This is also true of our experience of human beings: we expect their behaviours to accommodate to a norm, even if that norm changes, for example when a community becomes multi- cultural, but we do not expect any human beings to groom each other for parasites, like certain apes. We are happiest with people whose character and behaviour is familiar, although we are pleased if they can still surprise us by word or action. Most human behaviours can be understood by some sort of quantification, by numbers, percentages, statistical estimates, equations, algorithms and the like.

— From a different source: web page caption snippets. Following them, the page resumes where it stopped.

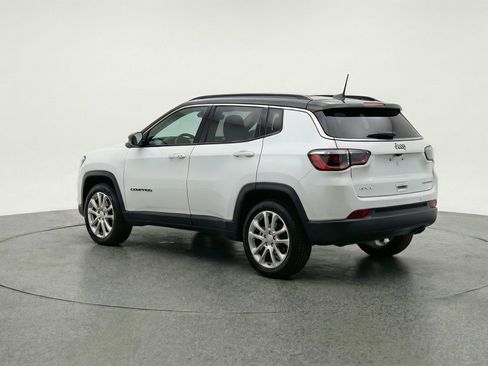 Used 2025 Jeep Compass Limited image 6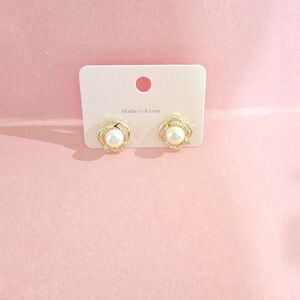 Elegant Gold and Pearl Earrings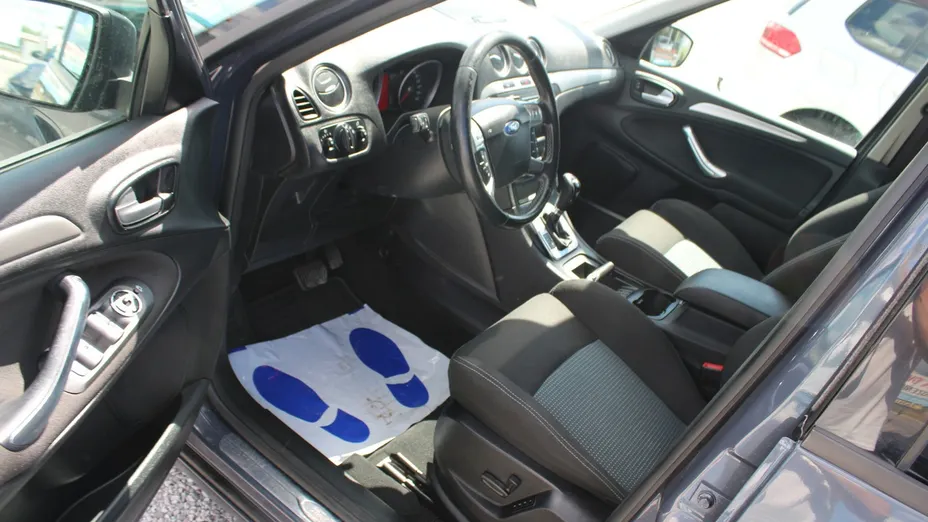 FORD S-MAX -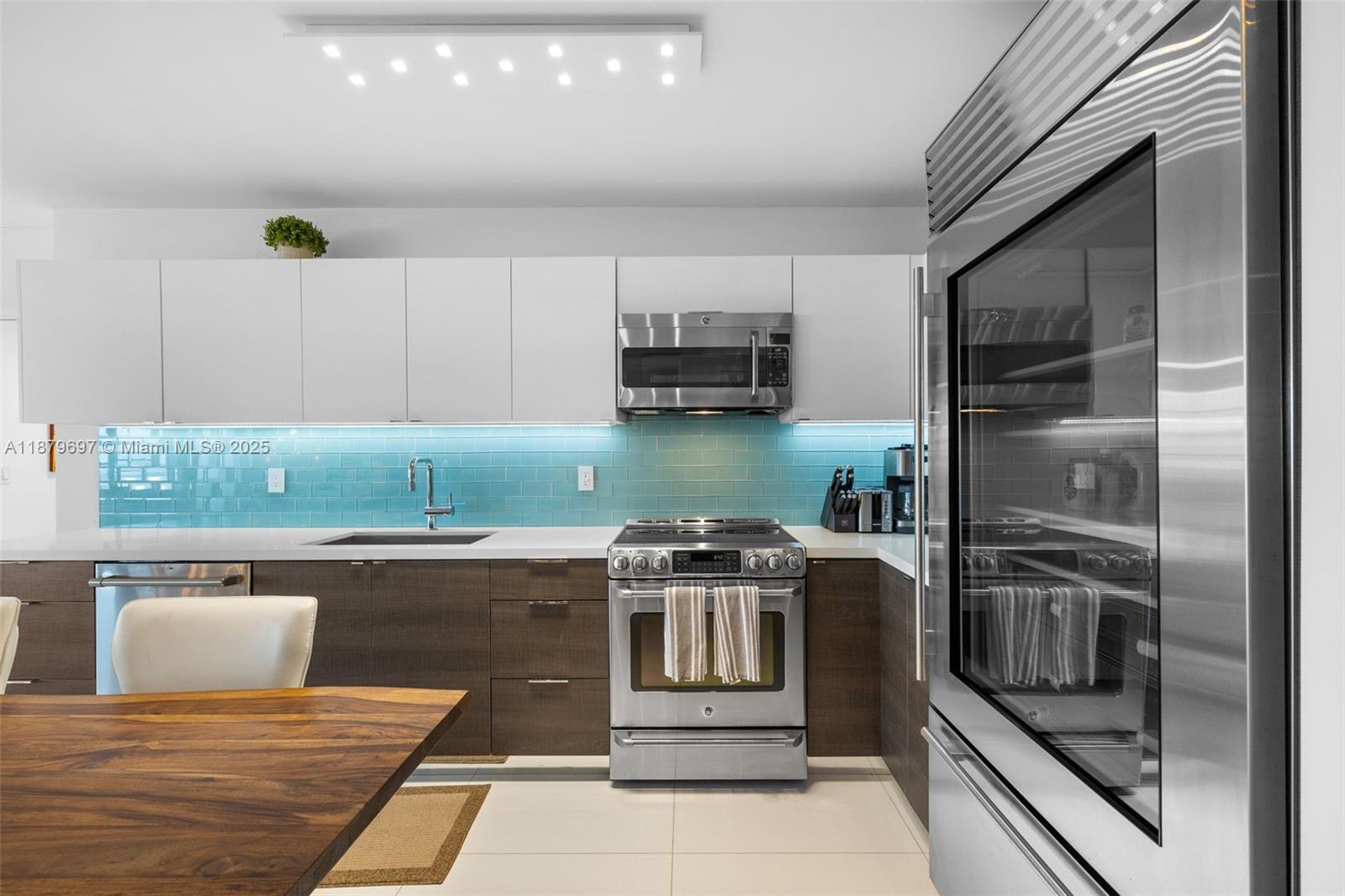 THE DECOPLAGE CONDO - Residential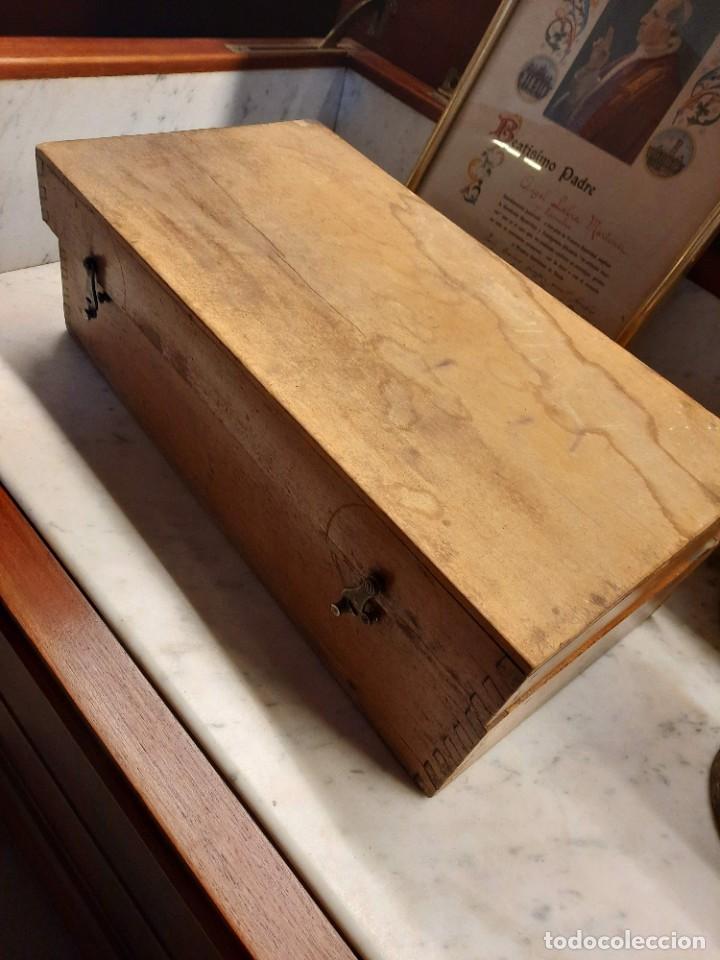 Antig&uuml;edades: CAJA CON INSTRUMENTAL ANTIGUO DE LABORATORIO ECL - Foto 4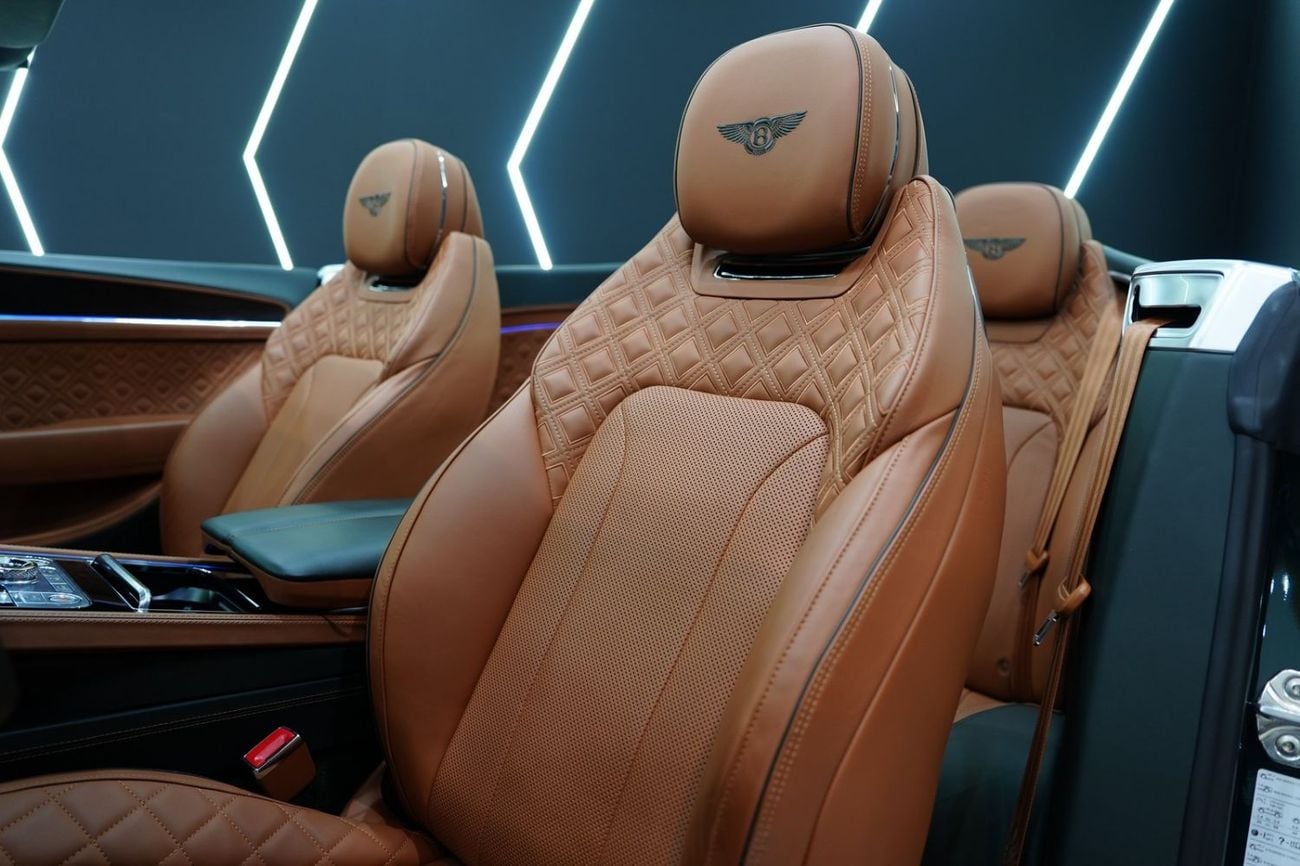 Bentley Continental GT 2022 Continental GTC V8, Carbon Interior, Rotating Display, Touring Specification, Dealer Warr + Ser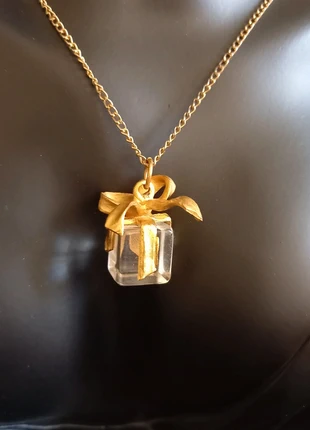 Joli pendentif vintage représentant un nœud doré flacon de parfum, marque: Vintage Chic, état: Très bon état, 8,90 €, 10,05 € Protection acheteurs (Pro) incluse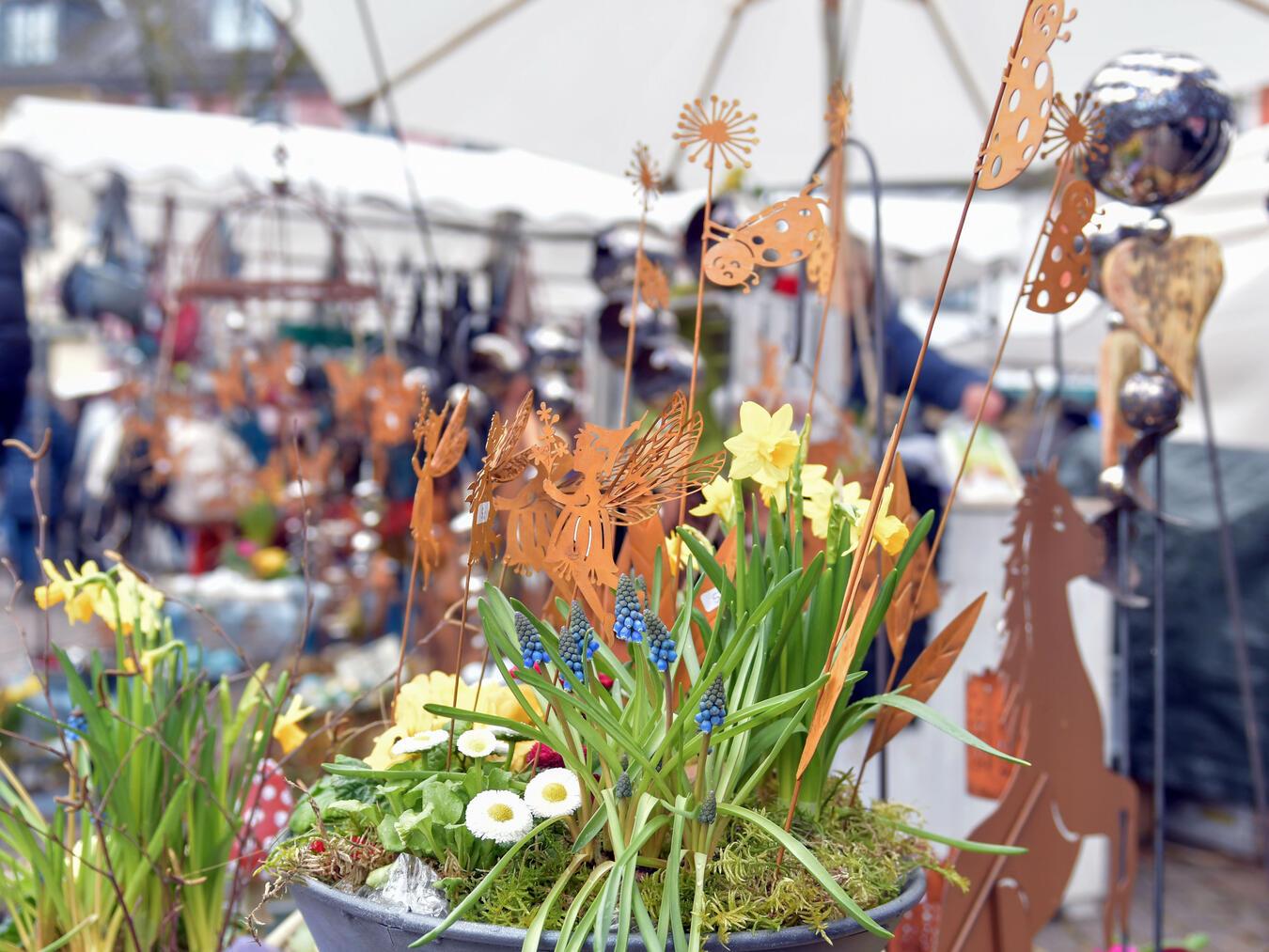 Wer noch frühlingshafte Deko sucht, wird auf dem Ostermarkt in Xanten bestimmt fündig. NN-Foto (Archiv): Gerhard Seybert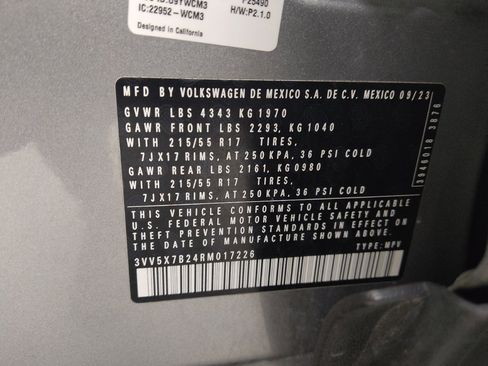 Used 2024 Volkswagen Taos S FWD image 33
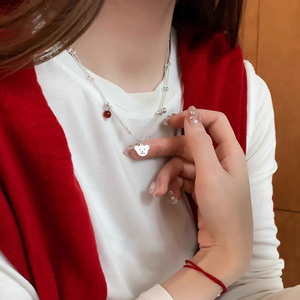 Collar con colgante de oso de doble capa de plata de ley S925 con ágata roja para mujer, joyería elegante para regalo - Product Image 4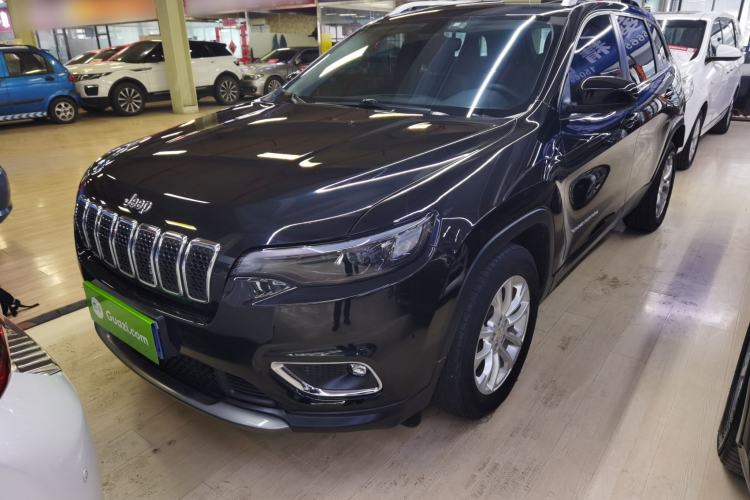 Used Jeep Cherokee 2019 2.0T Two-Wheel Drive Smart Enjoyment Version China VI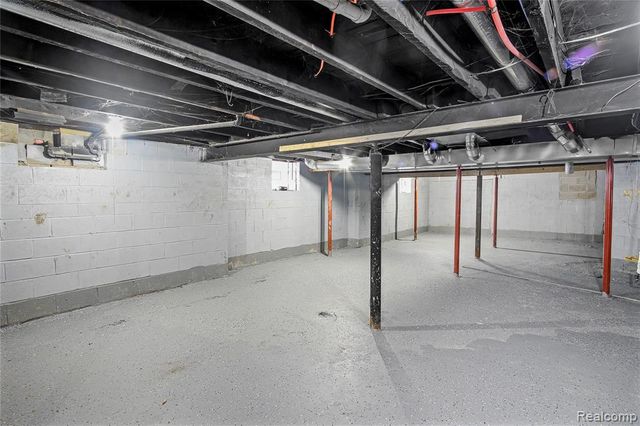 671 Clairmount, Detroit, MI 48202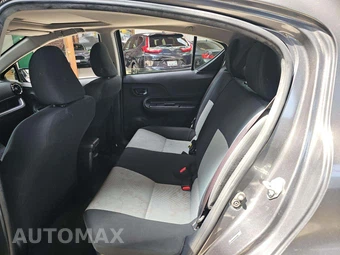 2016 Toyota Prius c Three - miniatura 10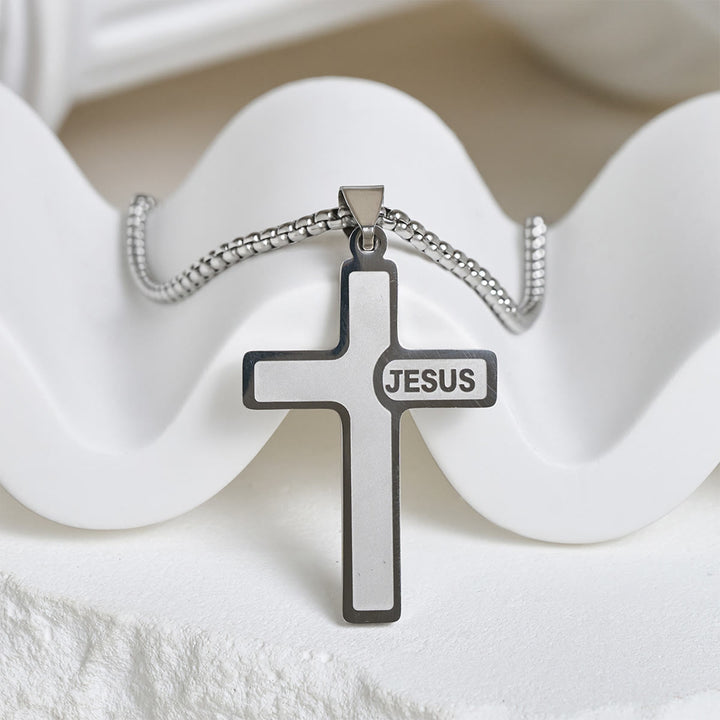 Minimalistische Kreuzkette mit „JESUS“-Detail von Christianartworkshop: Schlichter Ausdruck des Glaubens - Silber - image 0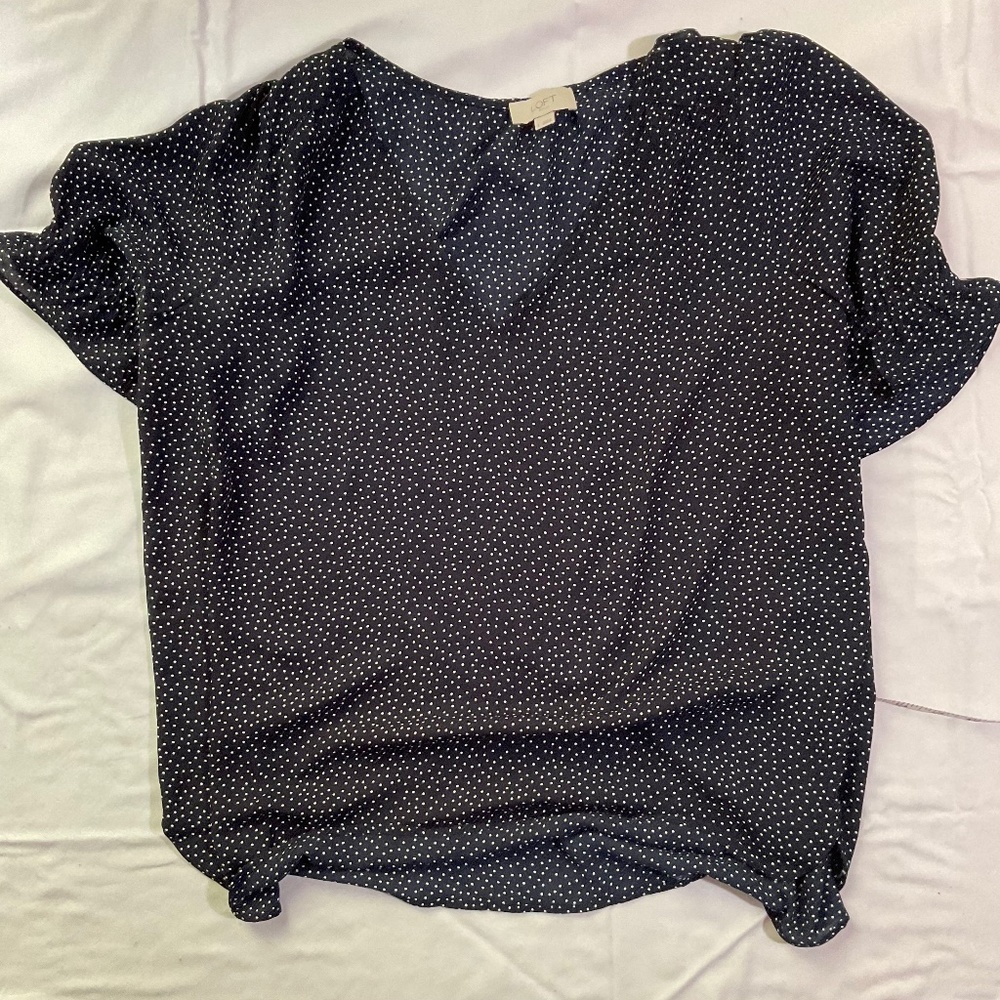 LOFT navy v-neck blouse sizeLarge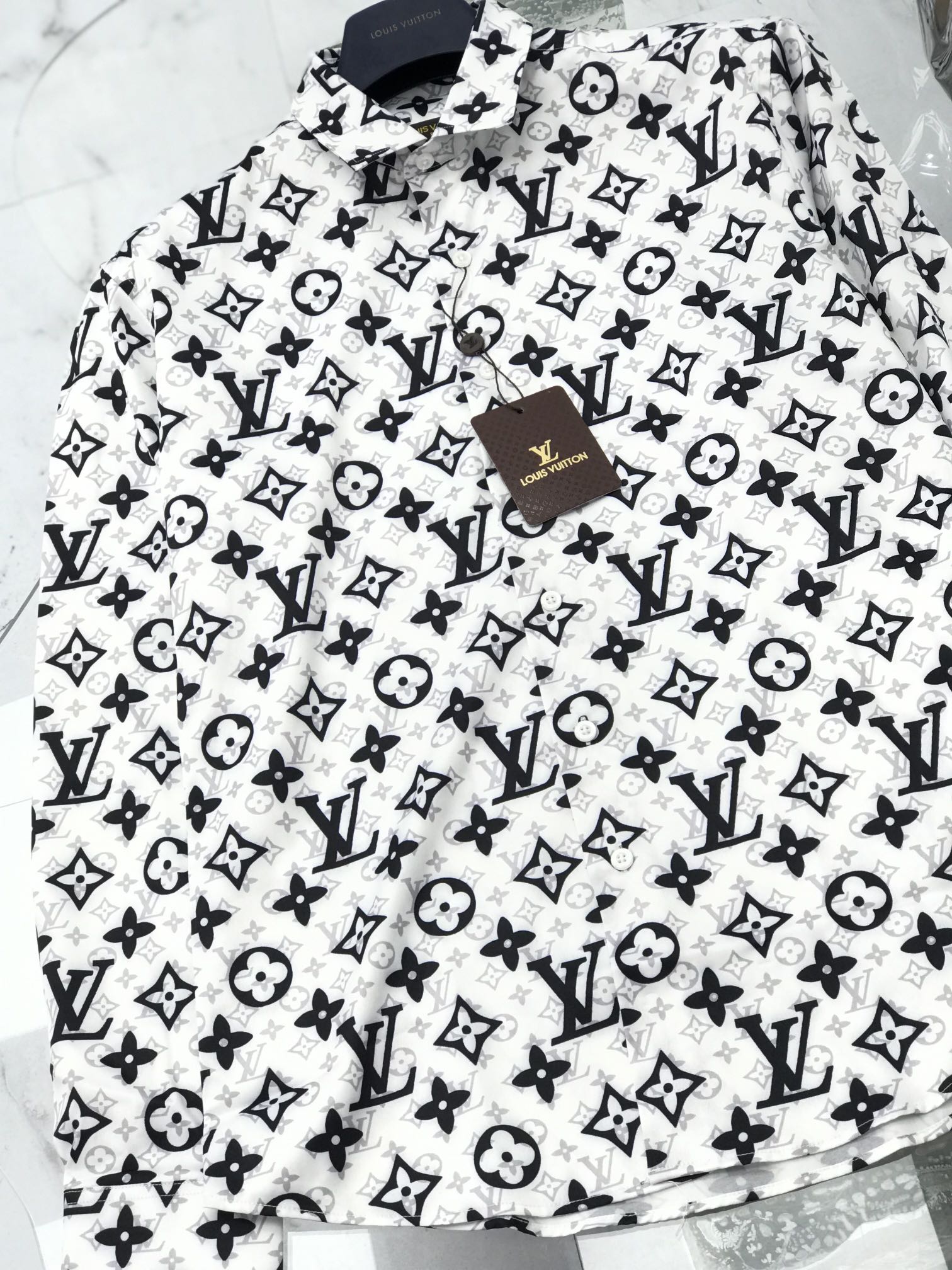 “High-Quality LV Leisure Shirt with Classic Style and Details in Every Stitch” - 图片 3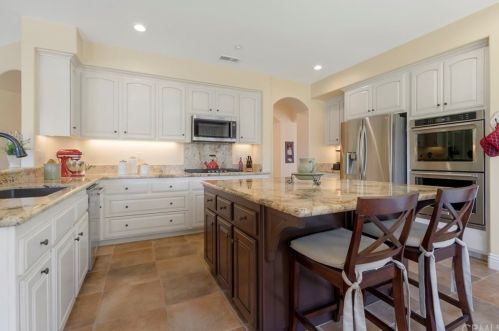 7470 Chateau Rdg Ln, Riverside CA  92506-7542 exterior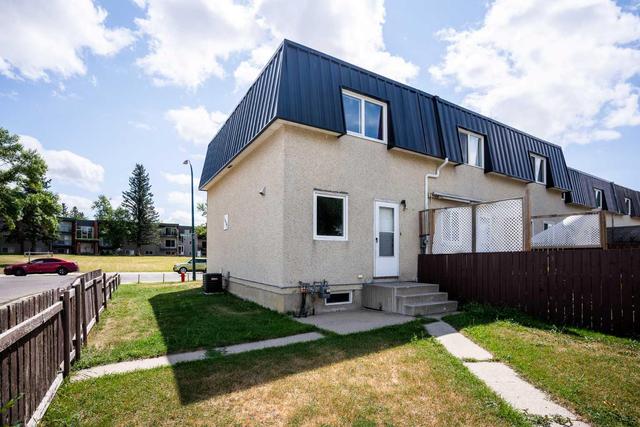 1402 Ashgrove Road S, Home with 2 bedrooms, 1 bathrooms and 2 parking in Lethbridge AB | Image 20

I’ve just finished reading the final volume of a trilogy by novelist J M Coetzee entitled The Childhood of Jesus, The Schooldays of Jesus, and The Death of Jesus. The protagonist is a boy called David, whose adoptive parents Simón and Inés struggle to understand his uniqueness as doubtless Mary and Joseph did with Jesus. These books are difficult, not because they use strange vocabulary or means of expression, but because they chart the life of a unique individual amid the kinds of ordinary human routines with which we are familiar. Parents have expectations of what a child is going to be- oh I don’t mean only about their child’s ability or future work – but about the norms of child development and behaviour. Children who depart from these norms are called geniuses or ‘suffering from learning difficulties’, and these classifications in turn also have norms.

The last novel in the series shows how hard it is for a child who knows his own uniqueness to find any satisfactory role in a world that wants to script every role in advance. A sign of this is David’s love of individual numbers and his refusal to use them in arithmetic or any system that prescribes their interaction. He sees himself also as alone and unique, imagining himself through the one book he has read, as Don Quixote, the man who sees a different world from everyone else. When he becomes ill he asks, “Why do I have to be this child?”

Even his loving adoptive parents do not understand him, wanting him to be even a little like other children, but are able after his death, to process him as a special kind of prodigy. Set free however from the terrible demands of parenting, they ready themselves without great teluctance for a return to ordinary living.

The books are a protest against the speed with which we put people in boxes and the tardiness with which we grapple with their uniqueness. How desperately I wanted my late daughter to be more like other people’s daughters, successfully independent, happily partnered, fruitful in work, surrounded by friends. How slow I was to see and value her unique character and to appreciate her unusual gifts. Yet all sorts of needy people were able to see her clearly and wrote movingly of her after her death.

We are also aware that the more a person insists on their uniqueness, the more they will suffer, because they will be unacceptable to those who have hidden themselves in socially approved roles. This kind of suffering is seen in the story of Jesus, his family and his community. His family thinks he’s off his head and his community sees him as a jumped up charlatan, all of which contributes to his suffering. For the gospel writers as for Coetzee, character is the destiny of their unwise protagonists, who refuse to hide what they are.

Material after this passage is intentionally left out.